The thrusts or basis of the above cases is that the High Court made such decisions of the fact that the chief's decisions were unchallenged. But in this case, whether the Provincial Executive may or may not aware, the fact is the that the chiefs decision which the Appellant relies on is challenged in the Marovo Local Court, Seth Piruku v Steven Veno, Tui Kavusu M/LCC no. 8 of 2003 and Steven Veno, Tui Kavusu v Seth Piruku M/LCC no 1. of 2004. Let alone the chief's decision on 9th June 2006 between Seth Piruku (Compt.) v Chief Leadley Whitney, Steven Veno & others as it was just recently heard. The interesting matter to note with two chiefs decision is that it seems to be heard by the same Marovo chiefs and secretary. Also according to the Form 2 presented to the court the Respondents did not attend the hearing on 22nd July 2003.
The case laws presented or raised to support this argument cannot assist in this case.
And further for this court to determine this ground under this process may also amount to the determination of land ownership on Ozanga Lavata land.
Ground 1 is dismissed.
6. Ground 2
This ground questioned the procedure or the conduct of the Provincial Executive when it determined the persons to grant timber right on Ozanga Lavata Land. It seeks an order from this court to quash the determination of the Provincial Executive Committee on the 10th March 2005 on the ground that it held a timber right hearing outside the required statutory period.
In our view, this appeal ground is misconceived.

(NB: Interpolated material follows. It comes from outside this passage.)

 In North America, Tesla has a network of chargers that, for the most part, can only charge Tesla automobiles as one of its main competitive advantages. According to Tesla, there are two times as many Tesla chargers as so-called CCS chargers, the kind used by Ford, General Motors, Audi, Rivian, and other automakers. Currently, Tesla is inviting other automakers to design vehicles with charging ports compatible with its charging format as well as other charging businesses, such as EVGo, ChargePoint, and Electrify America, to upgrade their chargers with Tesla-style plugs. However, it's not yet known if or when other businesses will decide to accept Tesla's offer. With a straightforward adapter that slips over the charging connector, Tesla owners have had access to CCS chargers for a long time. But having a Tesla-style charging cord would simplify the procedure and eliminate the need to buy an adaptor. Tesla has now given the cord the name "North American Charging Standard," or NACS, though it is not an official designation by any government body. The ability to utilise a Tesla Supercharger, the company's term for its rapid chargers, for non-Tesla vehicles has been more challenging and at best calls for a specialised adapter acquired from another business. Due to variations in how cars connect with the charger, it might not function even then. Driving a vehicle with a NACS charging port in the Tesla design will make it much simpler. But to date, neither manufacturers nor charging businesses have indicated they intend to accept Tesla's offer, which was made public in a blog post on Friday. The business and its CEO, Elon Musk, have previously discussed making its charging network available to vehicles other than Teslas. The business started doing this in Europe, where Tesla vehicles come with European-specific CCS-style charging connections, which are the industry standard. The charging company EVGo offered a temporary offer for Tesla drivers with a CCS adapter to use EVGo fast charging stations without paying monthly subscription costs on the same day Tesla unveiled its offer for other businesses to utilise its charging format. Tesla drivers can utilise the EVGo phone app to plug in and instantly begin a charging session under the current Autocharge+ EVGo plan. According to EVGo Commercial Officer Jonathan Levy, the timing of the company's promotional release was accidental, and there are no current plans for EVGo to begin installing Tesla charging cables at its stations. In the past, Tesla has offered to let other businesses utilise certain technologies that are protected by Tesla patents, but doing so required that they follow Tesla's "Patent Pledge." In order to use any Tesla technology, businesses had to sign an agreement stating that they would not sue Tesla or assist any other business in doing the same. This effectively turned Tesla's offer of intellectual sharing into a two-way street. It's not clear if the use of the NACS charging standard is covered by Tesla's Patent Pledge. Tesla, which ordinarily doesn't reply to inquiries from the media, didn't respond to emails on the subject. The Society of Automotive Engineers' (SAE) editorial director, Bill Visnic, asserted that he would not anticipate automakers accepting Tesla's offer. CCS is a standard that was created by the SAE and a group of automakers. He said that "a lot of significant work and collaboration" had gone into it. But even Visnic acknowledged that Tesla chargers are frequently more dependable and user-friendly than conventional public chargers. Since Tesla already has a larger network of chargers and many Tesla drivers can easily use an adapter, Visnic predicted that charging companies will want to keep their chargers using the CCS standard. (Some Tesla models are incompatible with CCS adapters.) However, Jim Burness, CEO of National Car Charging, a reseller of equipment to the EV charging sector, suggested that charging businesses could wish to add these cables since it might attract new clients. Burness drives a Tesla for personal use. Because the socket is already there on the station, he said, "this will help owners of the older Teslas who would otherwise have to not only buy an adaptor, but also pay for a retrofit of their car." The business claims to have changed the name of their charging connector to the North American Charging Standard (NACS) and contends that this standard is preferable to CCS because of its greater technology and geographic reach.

It is misconceived in that it assumes that the Western CLAC did have jurisdiction to hear an appeal on a point of law arising from the decision of the Provincial Executive Committee it held a timber right hearing outside the required statutory period.
A Customary Land Appeal Court is a court established to hear appeals from the decision of any Local Court on the question of ownership of customary land. It is also to hear appeals from Provincial Executive Committee on the matter on relates to the granting the timber rights.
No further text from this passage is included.